Despite signs of softening market conditions, many landlords, particularly institutional owners, are holding firm on pricing (for now). Absorption is anticipated to remain positive through the end of the year, as there are still plenty of pre-leased assets to be delivered. Absorption is expected to cool dramatically, however, after those projects are completed.

As supply rises and demand (pre-development demand) dwindles, the airtight occupancies are loosening. The national vacancy rate rose to 4.1 percent, marking the highest level since mid-2021, mainly driven by an influx of new supply. Despite the slowdown in demand, the market delivered a record 146.9 million square feet of new supply in the second quarter of 2023. Buildings under construction slowed 3.4 percent from the previous quarter to 635.3 million square feet. Tenants and occupiers should find leverage with added supply on the market. 

Chicago metro area

The Chicagoland industrial market mirrors the national market and continues to flourish despite the continued population loss in Chicago. The city’s central location and access to rail and highway systems make it one of the premier industrial markets in the United States. The past 12 months have seen approximately 26.7 million square feet of industrial space absorbed. This figure is almost double the average annual figure. 

The vacancy rate in Chicago is sitting at 4.3 percent, with 30 million square feet of space currently under construction. Much of this inventory is being built on a speculative basis and about 70 percent of the industrial space currently under construction is not pre-leased. Looking ahead, tenants in the market will be able to leverage the additional supply to achieve better economics compared with the past three years. 

Good news 

While e-commerce activity is waning, manufacturing and automotive leasing are sectors that should grow with the demand for electric vehicles/batteries. Manufacturers seeking to reshore their operations and/or provide resiliency within their supply chains have added demand across the U.S., including Chicago. 

New investments in manufacturing by both domestic and foreign companies went full speed ahead after the Inflation Reduction Act and the Bipartisan Infrastructure Bill were enacted. The Chips Act has spurned semiconductor production in the U.S. too. 

Now what?

In Chicago, it appears as though we are in a period of disconnect where landlords are accustomed to record leasing activity and rental growth over the past three years, while the tenant/demand side senses a cooling off and is expecting a discount. Landlords and developers with speculative projects just delivered and currently under construction could be facing a new market. The pressure will be felt in six to 12 months if their buildings are still vacant with the weight of their carry costs.  

A return to more “normal” year-over-year rental escalations and additional concessions such as free rent should be expected in new leases. Tenants and occupiers should be challenging the recently established “norms” of rapid year-over-year rental rate growth with little to no concessions from landlords. 

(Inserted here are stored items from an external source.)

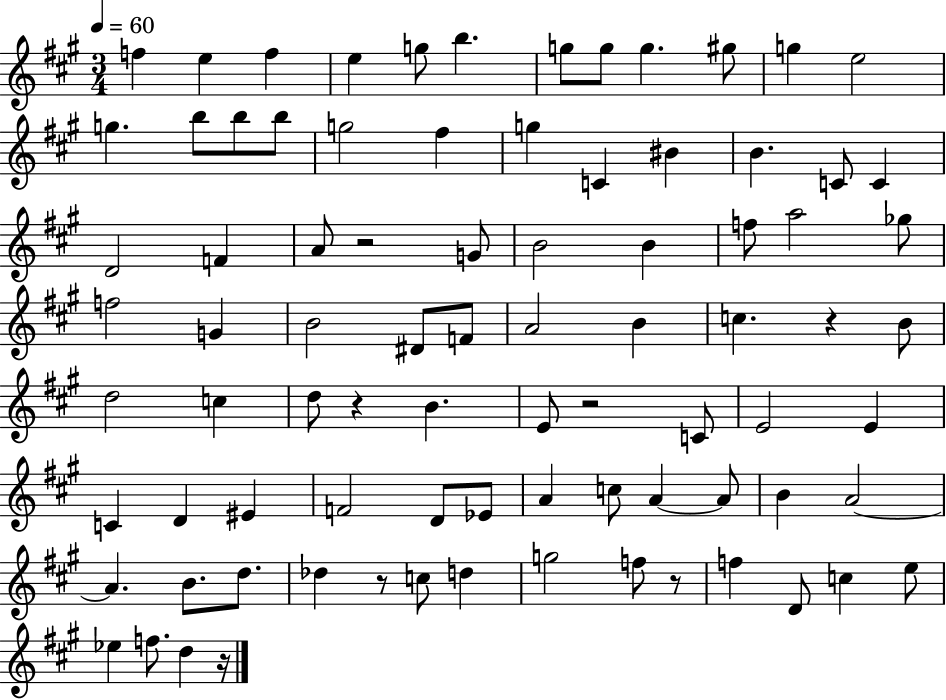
X:1
T:Untitled
M:3/4
L:1/4
K:A
f e f e g/2 b g/2 g/2 g ^g/2 g e2 g b/2 b/2 b/2 g2 ^f g C ^B B C/2 C D2 F A/2 z2 G/2 B2 B f/2 a2 _g/2 f2 G B2 ^D/2 F/2 A2 B c z B/2 d2 c d/2 z B E/2 z2 C/2 E2 E C D ^E F2 D/2 _E/2 A c/2 A A/2 B A2 A B/2 d/2 _d z/2 c/2 d g2 f/2 z/2 f D/2 c e/2 _e f/2 d z/4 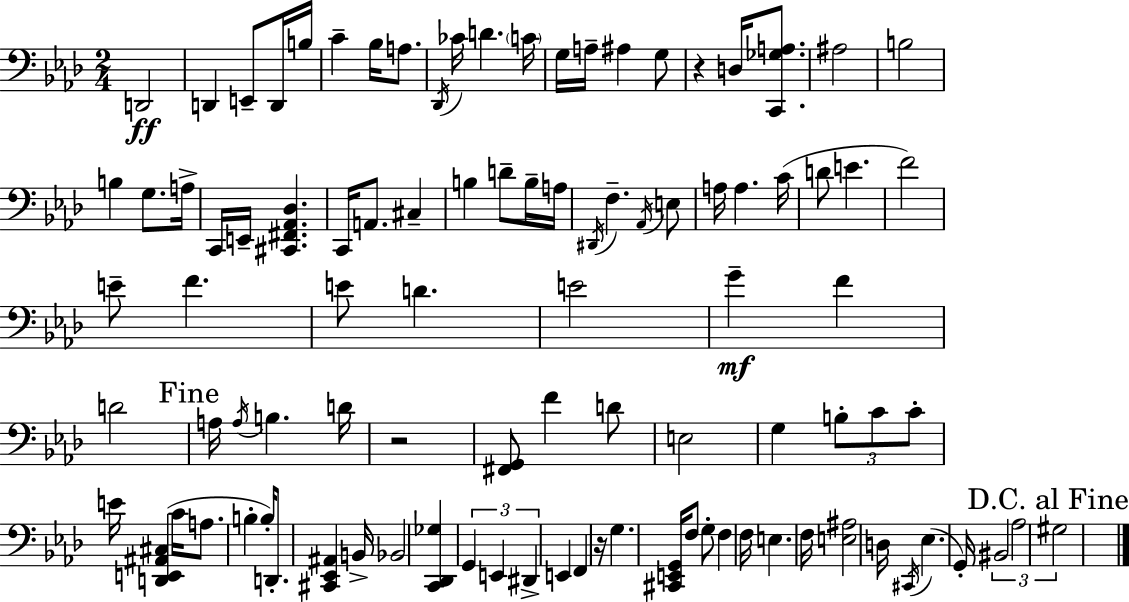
{
  \clef bass
  \numericTimeSignature
  \time 2/4
  \key f \minor
  d,2\ff | d,4 e,8-- d,16 b16 | c'4-- bes16 a8. | \acciaccatura { des,16 } ces'16 d'4. | \break \parenthesize c'16 g16 a16-- ais4 g8 | r4 d16 <c, ges a>8. | ais2 | b2 | \break b4 g8. | a16-> c,16 e,16-- <cis, fis, aes, des>4. | c,16 a,8. cis4-- | b4 d'8-- b16-- | \break a16 \acciaccatura { dis,16 } f4.-- | \acciaccatura { aes,16 } e8 a16 a4. | c'16( d'8 e'4. | f'2) | \break e'8-- f'4. | e'8 d'4. | e'2 | g'4--\mf f'4 | \break d'2 | \mark "Fine" a16 \acciaccatura { a16 } b4. | d'16 r2 | <fis, g,>8 f'4 | \break d'8 e2 | g4 | \tuplet 3/2 { b8-. c'8 c'8-. } e'16 <d, e, ais, cis>4( | c'16 a8. b4-. | \break b16-.) d,8.-. <cis, ees, ais,>4 | b,16-> bes,2 | <c, des, ges>4 | \tuplet 3/2 { g,4 e,4 | \break dis,4-> } e,4 | f,4 r16 g4. | <cis, e, g,>16 f8 g8-. | f4 f16 e4. | \break f16 <e ais>2 | d16 \acciaccatura { cis,16 }( ees4. | g,16-.) \tuplet 3/2 { bis,2 | aes2 | \break \mark "D.C. al Fine" gis2 } | \bar "|."
} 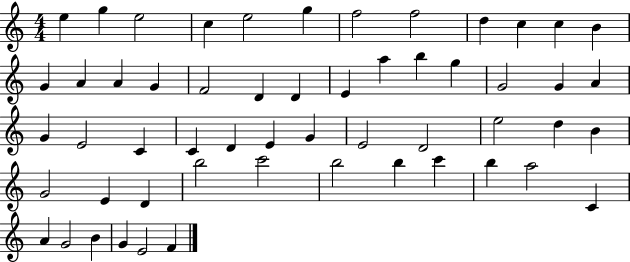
E5/q G5/q E5/h C5/q E5/h G5/q F5/h F5/h D5/q C5/q C5/q B4/q G4/q A4/q A4/q G4/q F4/h D4/q D4/q E4/q A5/q B5/q G5/q G4/h G4/q A4/q G4/q E4/h C4/q C4/q D4/q E4/q G4/q E4/h D4/h E5/h D5/q B4/q G4/h E4/q D4/q B5/h C6/h B5/h B5/q C6/q B5/q A5/h C4/q A4/q G4/h B4/q G4/q E4/h F4/q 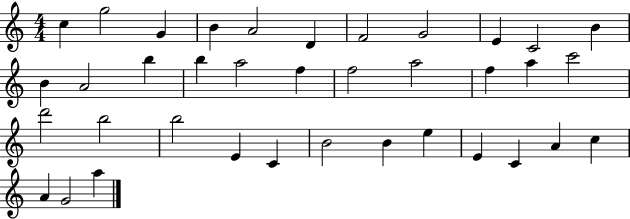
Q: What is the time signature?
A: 4/4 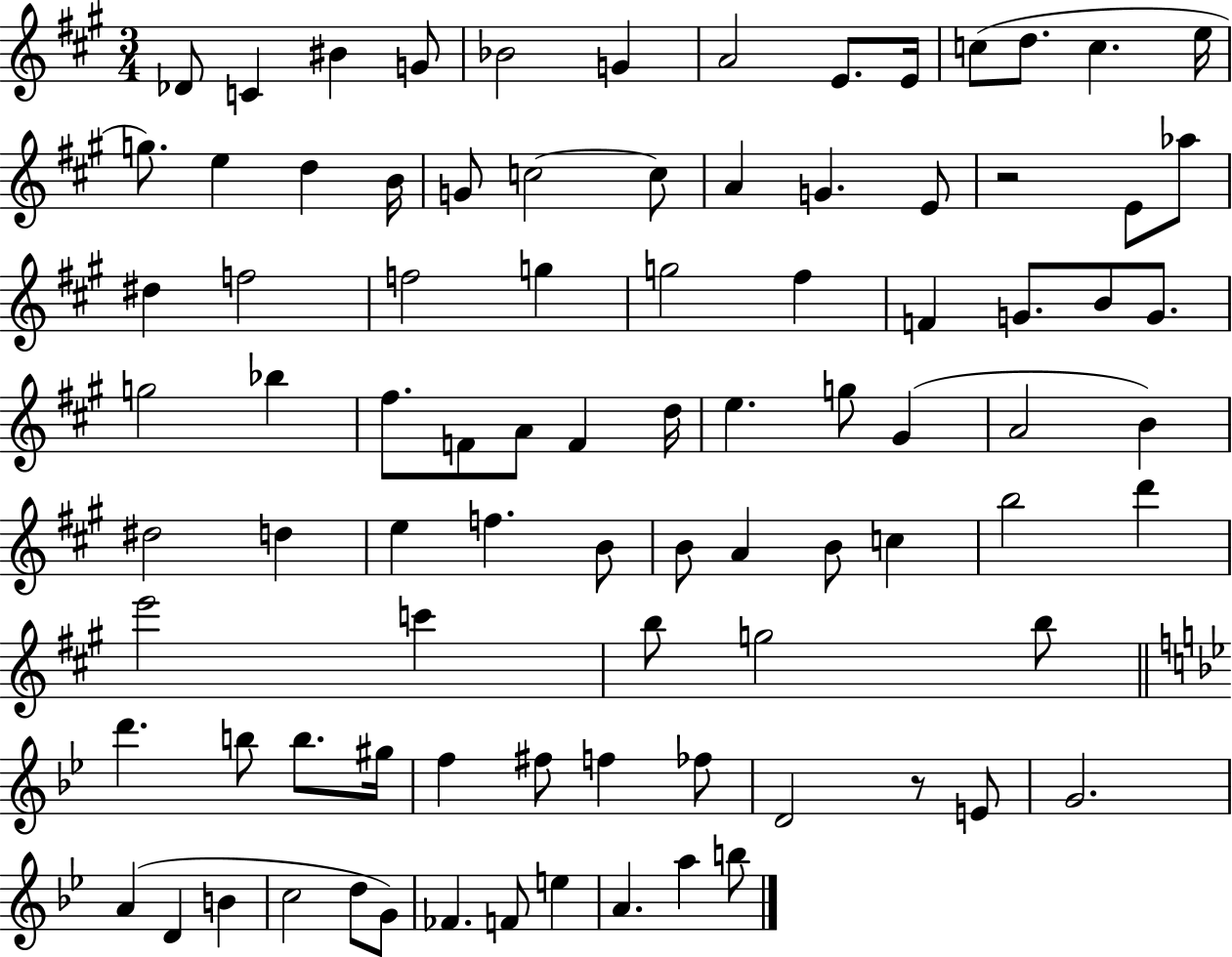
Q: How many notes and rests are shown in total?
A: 88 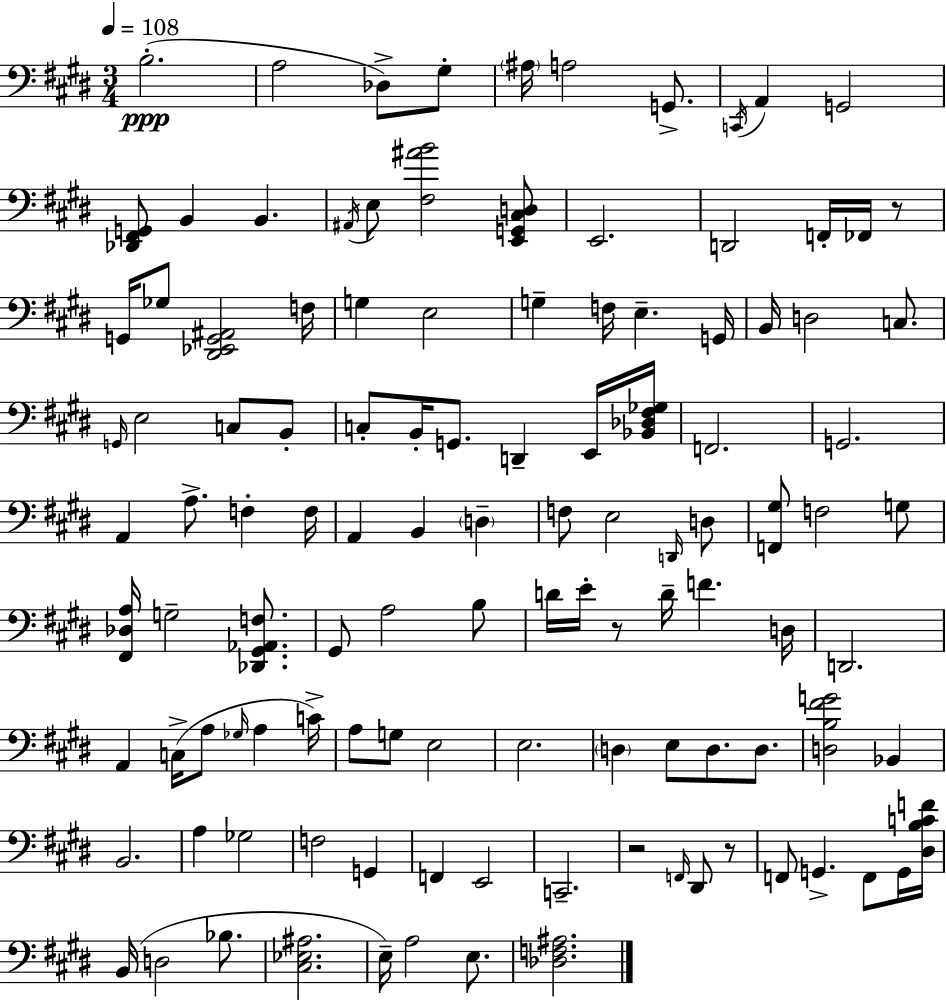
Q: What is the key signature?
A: E major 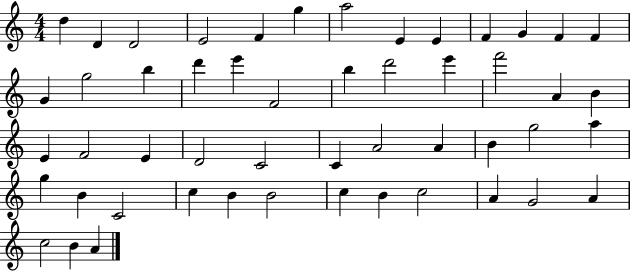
D5/q D4/q D4/h E4/h F4/q G5/q A5/h E4/q E4/q F4/q G4/q F4/q F4/q G4/q G5/h B5/q D6/q E6/q F4/h B5/q D6/h E6/q F6/h A4/q B4/q E4/q F4/h E4/q D4/h C4/h C4/q A4/h A4/q B4/q G5/h A5/q G5/q B4/q C4/h C5/q B4/q B4/h C5/q B4/q C5/h A4/q G4/h A4/q C5/h B4/q A4/q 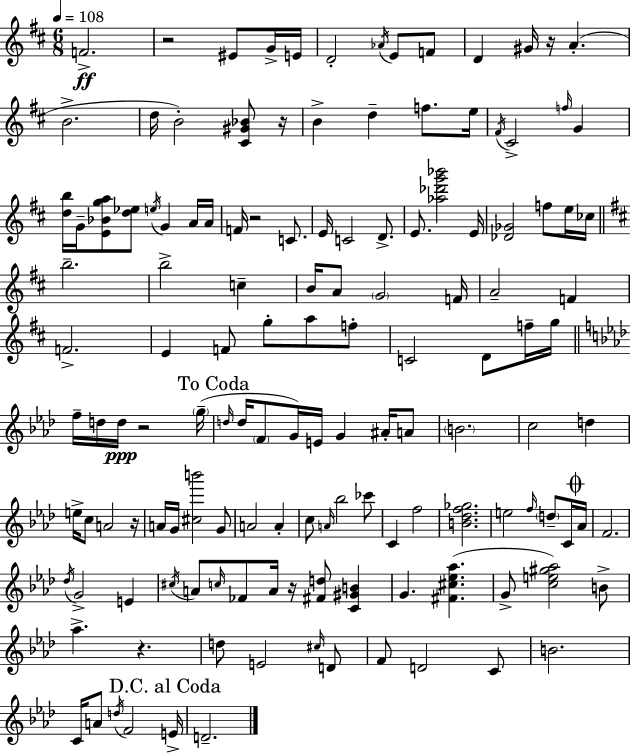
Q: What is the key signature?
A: D major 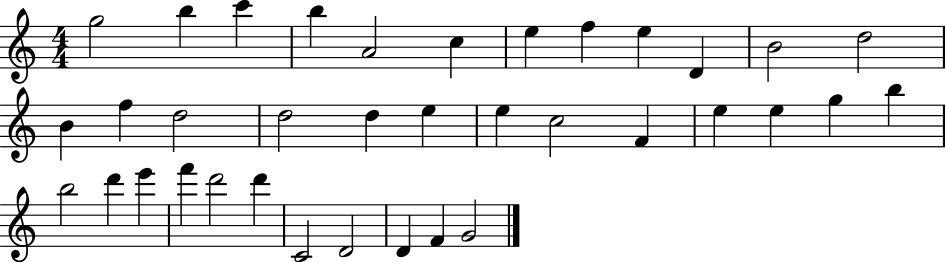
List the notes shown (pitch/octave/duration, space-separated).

G5/h B5/q C6/q B5/q A4/h C5/q E5/q F5/q E5/q D4/q B4/h D5/h B4/q F5/q D5/h D5/h D5/q E5/q E5/q C5/h F4/q E5/q E5/q G5/q B5/q B5/h D6/q E6/q F6/q D6/h D6/q C4/h D4/h D4/q F4/q G4/h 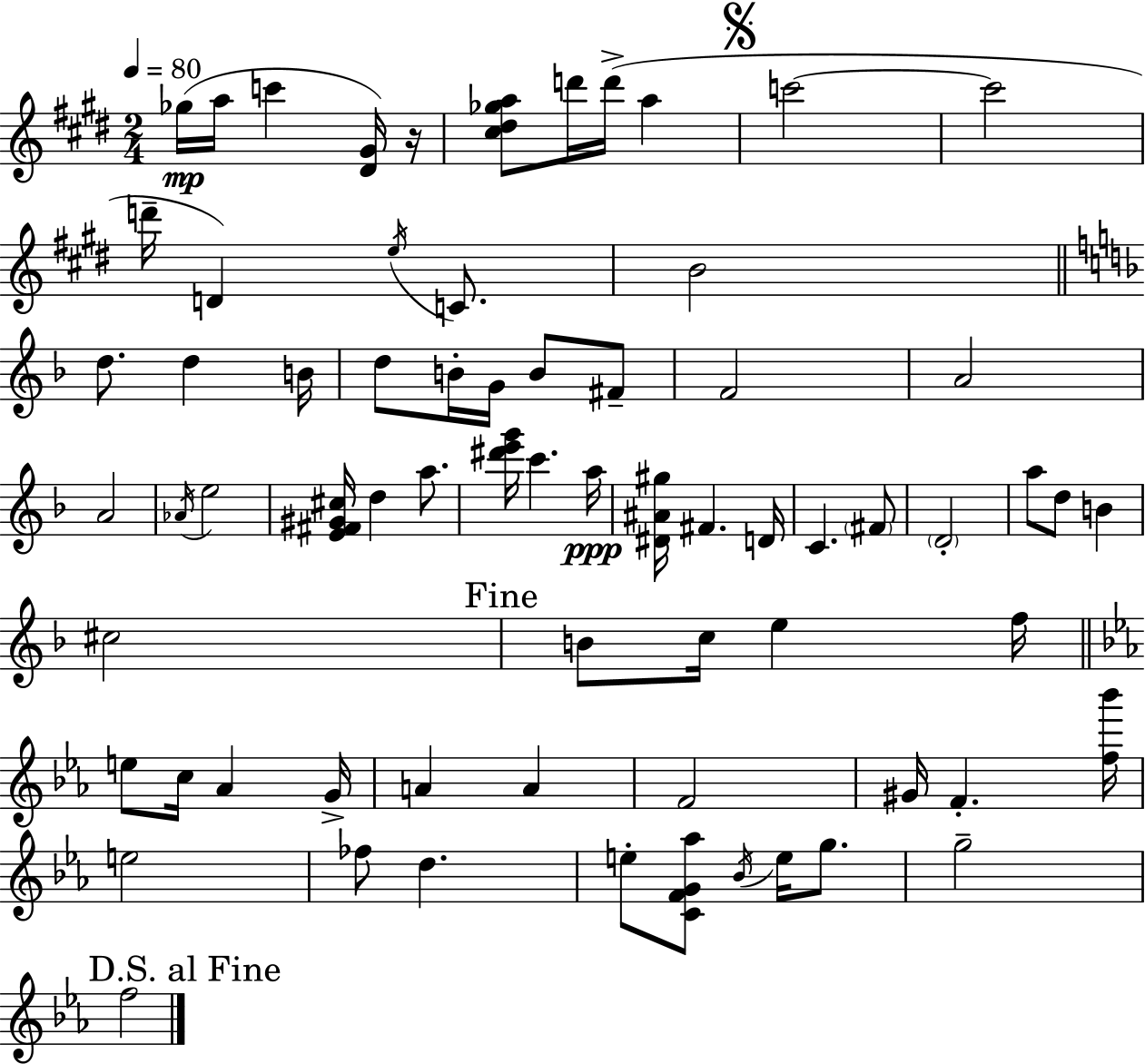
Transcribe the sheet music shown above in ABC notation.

X:1
T:Untitled
M:2/4
L:1/4
K:E
_g/4 a/4 c' [^D^G]/4 z/4 [^c^d_ga]/2 d'/4 d'/4 a c'2 c'2 d'/4 D e/4 C/2 B2 d/2 d B/4 d/2 B/4 G/4 B/2 ^F/2 F2 A2 A2 _A/4 e2 [E^F^G^c]/4 d a/2 [^d'e'g']/4 c' a/4 [^D^A^g]/4 ^F D/4 C ^F/2 D2 a/2 d/2 B ^c2 B/2 c/4 e f/4 e/2 c/4 _A G/4 A A F2 ^G/4 F [f_b']/4 e2 _f/2 d e/2 [CFG_a]/2 _B/4 e/4 g/2 g2 f2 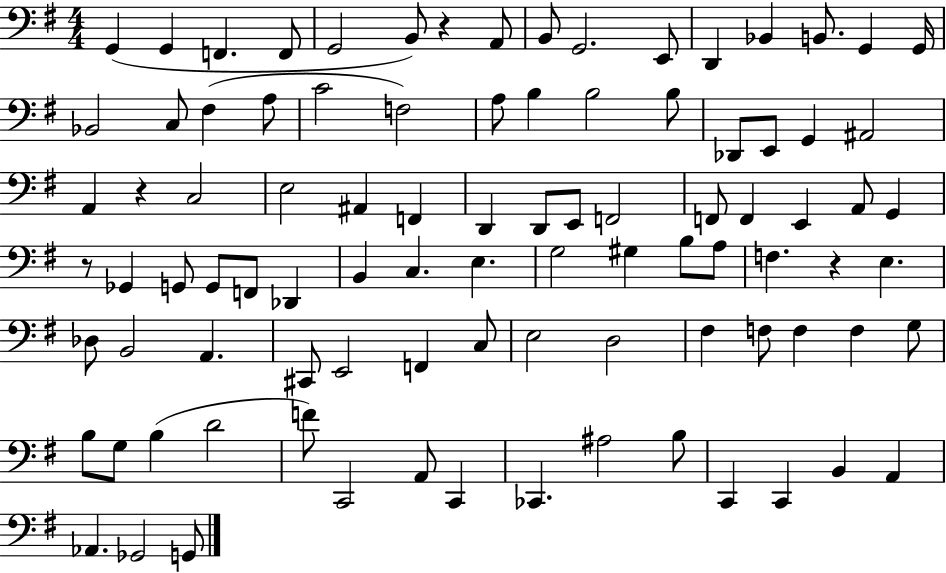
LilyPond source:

{
  \clef bass
  \numericTimeSignature
  \time 4/4
  \key g \major
  g,4( g,4 f,4. f,8 | g,2 b,8) r4 a,8 | b,8 g,2. e,8 | d,4 bes,4 b,8. g,4 g,16 | \break bes,2 c8 fis4( a8 | c'2 f2) | a8 b4 b2 b8 | des,8 e,8 g,4 ais,2 | \break a,4 r4 c2 | e2 ais,4 f,4 | d,4 d,8 e,8 f,2 | f,8 f,4 e,4 a,8 g,4 | \break r8 ges,4 g,8 g,8 f,8 des,4 | b,4 c4. e4. | g2 gis4 b8 a8 | f4. r4 e4. | \break des8 b,2 a,4. | cis,8 e,2 f,4 c8 | e2 d2 | fis4 f8 f4 f4 g8 | \break b8 g8 b4( d'2 | f'8) c,2 a,8 c,4 | ces,4. ais2 b8 | c,4 c,4 b,4 a,4 | \break aes,4. ges,2 g,8 | \bar "|."
} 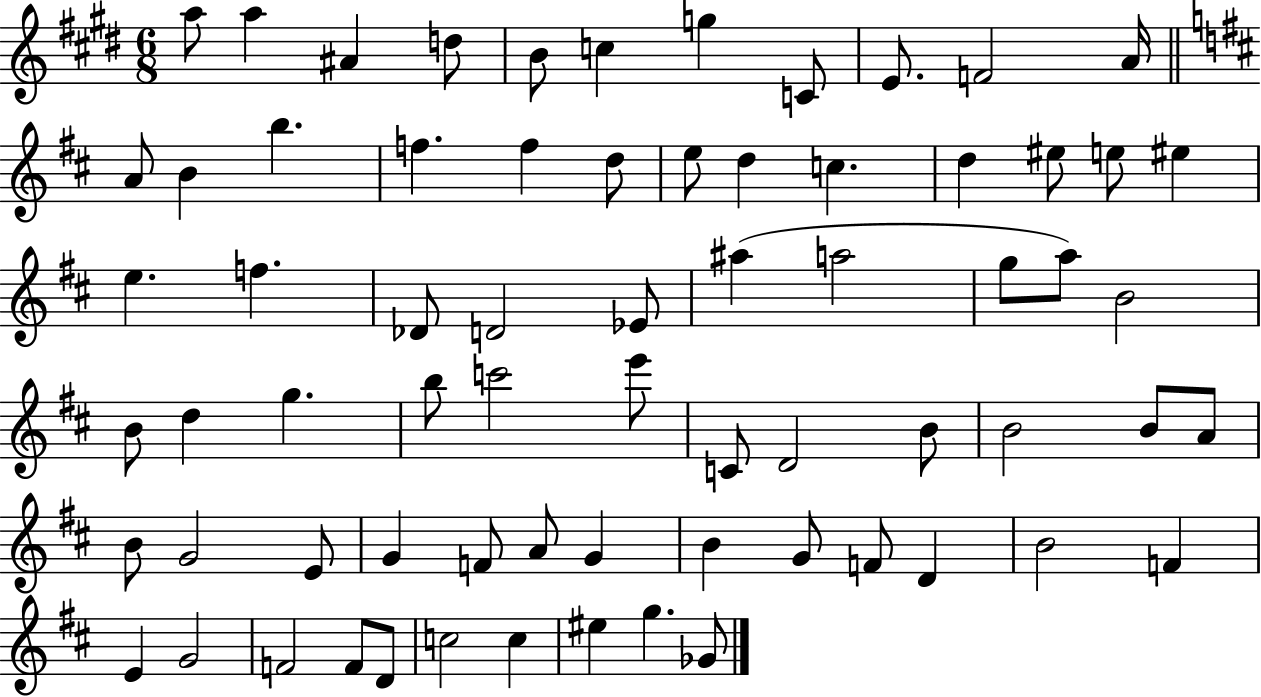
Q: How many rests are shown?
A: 0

The industrial real estate market has been a landlord’s market the past several years, but tenants/occupiers should be pressing and leveraging the cooling market to their advantage and not accept the status quo of the last three years. 

If you are a decision maker and your warehouse/facility lease is expiring in the next 12 to 24 months, what should you do? Leverage the softening market to achieve market bottom pricing. As we emerge from perhaps the most dynamic industrial real estate market of all time, most indicators point to a shift in supply versus demand that should even the playing field for tenants of industrial real estate in Chicago and beyond.